NAT as a Topology Shield

NAT provides a security function by segregating private hosts from the publicly routed Internet. Depending upon your addressing requirements, NAT can isolate, to some extent, your VoIP network IP space from the balance of your internal network IP space. The large number of private RFC1918 IP addresses allows system architects to intelligently address hosts and other network elements based upon location, function, or other criteria during the design phase of the VoIP network.
External hosts cannot directly access a particular internal host if a NAT intervenes since the external host has no way of targeting its payload to a chosen IP address. Of course, when addresses are assigned dynamically, it becomes even more problematic for an attacker to point to a specific host within the NAT domain. This may help protect internal hosts from external malicious content. At worst, NAT is an additional layer of security controls that you implement as part of your overall security architecture.
The IPsec model is instructive in that it illustrates a complex interaction between encryption and NAT. However, IPsec is not the only functional or proposed security mechanism for VoIP environments. SSL/TLS, S/MIME, HTTP 1.1 digest, and ZRTP have also been proposed as security instruments. Nor are all environments as simple as the symmetric examples we have seen where one or more devices reside on opposite sides of a NAT device. Asymmetric or hairpin call routing (a call from one phone behind a NAT to another phone behind the same NAT), in an environment where basic NAT and encryption issues have been resolved, can cause communications to fail. The point here is to introduce some of the concepts that you will come across as you design and troubleshoot in this area. We’ll see in the next section how encryption, NAT, and VoIP protocols work (or don’t work) together.


NAT and Encryption

As IPsec VPNs became popular, NAT became an impediment to their initial widespread implementation. I’ll use the IPsec model to develop a description of the interactions between NAT and encryption since it is one of the more popular Internet encryption systems and has potential value in VoIP networks. The IP security (IPsec) protocol was defined by the Internet Engineering Task Force (IETF) to provide security for IP networks. IPsec is a large protocol suite designed to provide the following security services for IP networks: Data Integrity, Authentication, Confidentiality, and Application-transparent Security. IPSec secures packet flows and key transmission. Since we are interested in NAT and encryption, we’ll ignore most of the protocol suite including key exchange (IKE), and the various hash and encryption algorithms, and focus instead on the protocols that are used to secure packet flows.
The AH and ESP protocols can operate in two modes: Transport Mode can be visualized simply as a secure connection between two concurring hosts. In Tunnel Mode—more of a “VPN-like” mode—IPsec completely encapsulates the original IP datagram, including the original IP header, within a second IP datagram. ESP and AH normally are implemented independently, though it’s possible (but uncommon) to use them both together.
The Authentication Header (AH) and the Encapsulating Security Payload (ESP) are the two main network protocols used by IPsec. The AH provides data origin authentication, message integrity, and protection against replay attacks, but has no provision for privacy—data is not encrypted. The key to the AH authentication process is the inclusion in the AH header of an Integrity Check Value (ICV) —a hash based upon a secret key that is calculated over a subset of the original IP header fields, including the source and destination IP addresses. AH guarantees (if implemented correctly) that the data received is identical to the data sent, and asserts the identity of the true sender. AH provides authentication for as much of the IP header as possible, as well as for upper level protocol data. However, some IP header fields (SIP, DIP, TTL, CHKSUM, and optionally, TOS, FLAGS, and OPTIONS) change in transit. The values of such fields usually are not protected by AH. In transport mode, AH is inserted after the IP header and before the upper layer protocol (TCP, UDP, ICMP, etc.) header. In tunnel mode, the AH header precedes the encapsulated IP header. Figure 1 shows the AH transport and tunnel modes.
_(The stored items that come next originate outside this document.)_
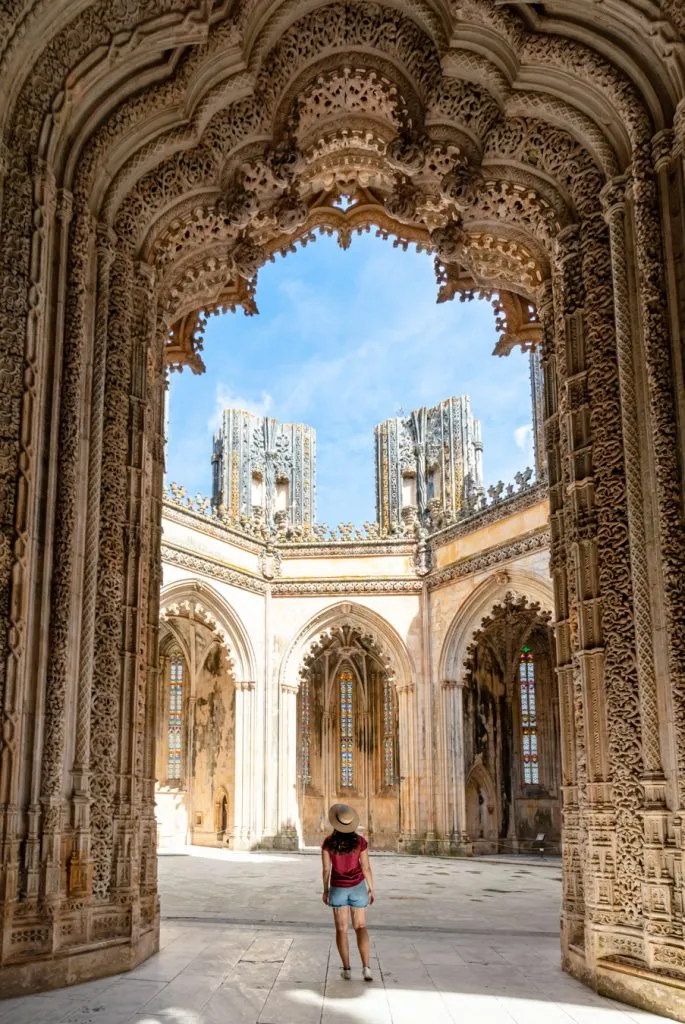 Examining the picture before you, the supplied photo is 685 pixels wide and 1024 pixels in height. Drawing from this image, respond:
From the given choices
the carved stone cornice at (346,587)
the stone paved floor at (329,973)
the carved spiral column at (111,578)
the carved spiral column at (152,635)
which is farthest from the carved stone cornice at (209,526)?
the carved spiral column at (111,578)

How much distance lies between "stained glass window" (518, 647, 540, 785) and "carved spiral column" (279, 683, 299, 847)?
20.7 ft

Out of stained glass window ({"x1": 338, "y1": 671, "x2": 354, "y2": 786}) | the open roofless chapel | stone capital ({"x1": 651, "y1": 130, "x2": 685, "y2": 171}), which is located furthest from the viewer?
stained glass window ({"x1": 338, "y1": 671, "x2": 354, "y2": 786})

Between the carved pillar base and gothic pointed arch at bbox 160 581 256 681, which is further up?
gothic pointed arch at bbox 160 581 256 681

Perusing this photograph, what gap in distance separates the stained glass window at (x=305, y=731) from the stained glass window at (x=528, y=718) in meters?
5.88

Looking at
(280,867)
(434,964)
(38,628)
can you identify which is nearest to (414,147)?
(38,628)

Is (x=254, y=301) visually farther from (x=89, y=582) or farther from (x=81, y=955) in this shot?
(x=81, y=955)

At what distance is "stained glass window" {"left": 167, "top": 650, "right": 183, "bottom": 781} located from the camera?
82.6ft

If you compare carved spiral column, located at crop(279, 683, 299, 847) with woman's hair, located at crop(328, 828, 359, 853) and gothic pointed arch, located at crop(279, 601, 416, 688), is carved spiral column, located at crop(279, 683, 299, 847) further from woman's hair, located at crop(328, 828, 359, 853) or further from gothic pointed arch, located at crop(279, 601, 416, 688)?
woman's hair, located at crop(328, 828, 359, 853)

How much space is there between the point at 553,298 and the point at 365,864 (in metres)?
5.01

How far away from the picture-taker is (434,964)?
6.97m

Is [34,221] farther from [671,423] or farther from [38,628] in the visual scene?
[671,423]

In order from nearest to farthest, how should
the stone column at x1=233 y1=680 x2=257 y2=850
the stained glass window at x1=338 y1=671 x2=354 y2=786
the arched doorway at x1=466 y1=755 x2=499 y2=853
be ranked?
the stone column at x1=233 y1=680 x2=257 y2=850 < the arched doorway at x1=466 y1=755 x2=499 y2=853 < the stained glass window at x1=338 y1=671 x2=354 y2=786

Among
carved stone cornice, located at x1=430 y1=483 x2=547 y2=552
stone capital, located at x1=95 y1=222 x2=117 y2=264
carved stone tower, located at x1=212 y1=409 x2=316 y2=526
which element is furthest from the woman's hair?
carved stone tower, located at x1=212 y1=409 x2=316 y2=526

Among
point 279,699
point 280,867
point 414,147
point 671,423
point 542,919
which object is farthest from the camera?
point 279,699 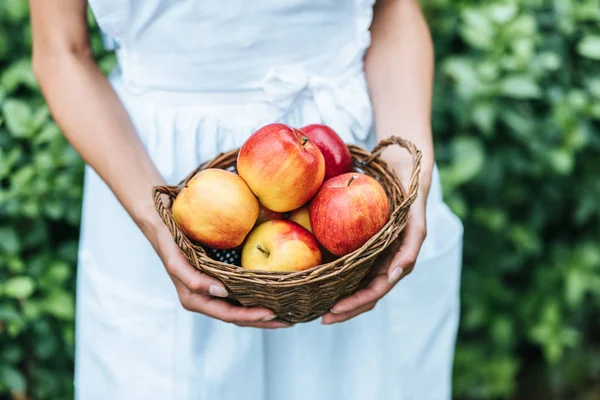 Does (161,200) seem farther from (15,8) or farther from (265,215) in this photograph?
(15,8)

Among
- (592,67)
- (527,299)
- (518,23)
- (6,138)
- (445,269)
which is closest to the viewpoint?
(445,269)

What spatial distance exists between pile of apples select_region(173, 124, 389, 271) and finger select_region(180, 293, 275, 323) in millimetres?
72

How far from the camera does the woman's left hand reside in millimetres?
984

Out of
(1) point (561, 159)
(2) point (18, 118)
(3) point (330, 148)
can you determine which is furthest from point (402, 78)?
(2) point (18, 118)

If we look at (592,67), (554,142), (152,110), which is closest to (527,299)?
(554,142)

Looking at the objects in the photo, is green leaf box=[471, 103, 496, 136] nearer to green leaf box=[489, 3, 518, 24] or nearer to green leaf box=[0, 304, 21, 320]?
green leaf box=[489, 3, 518, 24]

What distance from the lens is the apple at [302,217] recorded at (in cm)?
104

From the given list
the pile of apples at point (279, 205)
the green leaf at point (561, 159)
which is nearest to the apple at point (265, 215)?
the pile of apples at point (279, 205)

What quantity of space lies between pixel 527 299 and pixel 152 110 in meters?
1.43

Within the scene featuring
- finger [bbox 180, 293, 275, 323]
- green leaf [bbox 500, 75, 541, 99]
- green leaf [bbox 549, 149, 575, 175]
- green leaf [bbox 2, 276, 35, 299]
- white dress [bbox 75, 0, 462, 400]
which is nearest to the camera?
finger [bbox 180, 293, 275, 323]

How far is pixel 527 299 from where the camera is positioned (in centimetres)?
204

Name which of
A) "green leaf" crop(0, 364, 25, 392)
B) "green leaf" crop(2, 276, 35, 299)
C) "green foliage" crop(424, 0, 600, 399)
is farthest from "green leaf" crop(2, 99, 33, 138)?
"green foliage" crop(424, 0, 600, 399)

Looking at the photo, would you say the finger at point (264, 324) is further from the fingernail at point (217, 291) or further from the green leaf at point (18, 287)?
the green leaf at point (18, 287)

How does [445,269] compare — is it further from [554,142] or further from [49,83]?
[49,83] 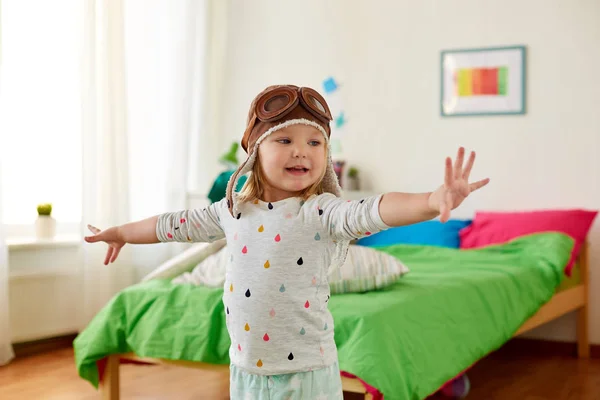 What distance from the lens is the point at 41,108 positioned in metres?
3.66

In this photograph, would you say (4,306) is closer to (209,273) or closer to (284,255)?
(209,273)

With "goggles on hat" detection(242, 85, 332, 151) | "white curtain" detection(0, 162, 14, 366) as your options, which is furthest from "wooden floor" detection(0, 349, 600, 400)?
"goggles on hat" detection(242, 85, 332, 151)

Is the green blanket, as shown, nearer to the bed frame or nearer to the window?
the bed frame

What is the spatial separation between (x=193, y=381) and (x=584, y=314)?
191cm

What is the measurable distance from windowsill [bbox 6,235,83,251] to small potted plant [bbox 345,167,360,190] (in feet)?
4.80

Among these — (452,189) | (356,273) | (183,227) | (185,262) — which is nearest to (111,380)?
(185,262)

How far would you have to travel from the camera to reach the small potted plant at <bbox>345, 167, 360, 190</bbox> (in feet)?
13.3

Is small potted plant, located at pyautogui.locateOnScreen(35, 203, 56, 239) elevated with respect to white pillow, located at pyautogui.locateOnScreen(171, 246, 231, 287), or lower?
elevated

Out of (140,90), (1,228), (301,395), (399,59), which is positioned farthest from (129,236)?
(399,59)

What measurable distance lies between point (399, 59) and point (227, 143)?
1194 mm

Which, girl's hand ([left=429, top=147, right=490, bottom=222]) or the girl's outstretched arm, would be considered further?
the girl's outstretched arm

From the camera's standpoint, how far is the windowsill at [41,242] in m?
3.34

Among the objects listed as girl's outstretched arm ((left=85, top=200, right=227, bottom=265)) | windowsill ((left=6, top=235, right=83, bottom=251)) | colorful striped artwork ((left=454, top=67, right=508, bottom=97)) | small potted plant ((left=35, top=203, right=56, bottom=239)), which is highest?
colorful striped artwork ((left=454, top=67, right=508, bottom=97))

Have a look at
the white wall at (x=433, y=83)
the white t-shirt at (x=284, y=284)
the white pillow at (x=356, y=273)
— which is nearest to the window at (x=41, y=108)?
the white wall at (x=433, y=83) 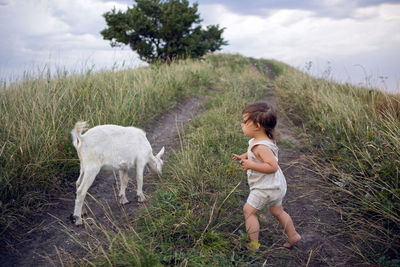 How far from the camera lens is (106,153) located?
114 inches

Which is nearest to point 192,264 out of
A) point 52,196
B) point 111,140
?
point 111,140

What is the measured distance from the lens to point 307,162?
14.0 ft

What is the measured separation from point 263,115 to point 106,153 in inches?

Figure 1: Authentication Header: Transport and Tunnel Modes
In Figure 1, sections A and B show the location of the AH header in transport mode. Sections C) and D show the location of the AH header in tunnel mode. The data field in all packets is not to scale (indicated by the double slanted lines). You can see from this figure that tunnel mode AH adds an additional 20 bytes to the length of each packet. None of the fields in this figure are encrypted.
The key to the incompatibility of NAT and IPsec AH is the presence of the ICV, whose value depends partially on the values of the source and destination IP addresses, the IP header checksum, and either the TCP or UDP header checksum. The AH ICV calculation takes into account the mutable and predictable header fields that change as the packet moves from hop to hop through the network, but because intermediate devices do not share the secret key, they cannot recalculate the correct ICV after NAT has altered the aforementioned original header fields.
ESP, on the other hand, was used initially only for encryption; authentication functionality was subsequently added. The ESP header is inserted after the IP header and before the upper layer protocol header (transport mode) or before an encapsulated IP header (tunnel mode).
Figure 2 shows the location of the ESP header in both transport mode (sections A and B) and tunnel mode (sections C) and D) for TCP (sections A and C) and UDP (sections B and D). In transport mode, the original IP header is followed by the ESP header. The rightmost field contains the ESP trailer and optionally, the ESP authorization field. Only the upper-layer protocol header, data, and the ESP trailer (also, optionally, the ESP authorization field) is encrypted. The IP header is not encrypted.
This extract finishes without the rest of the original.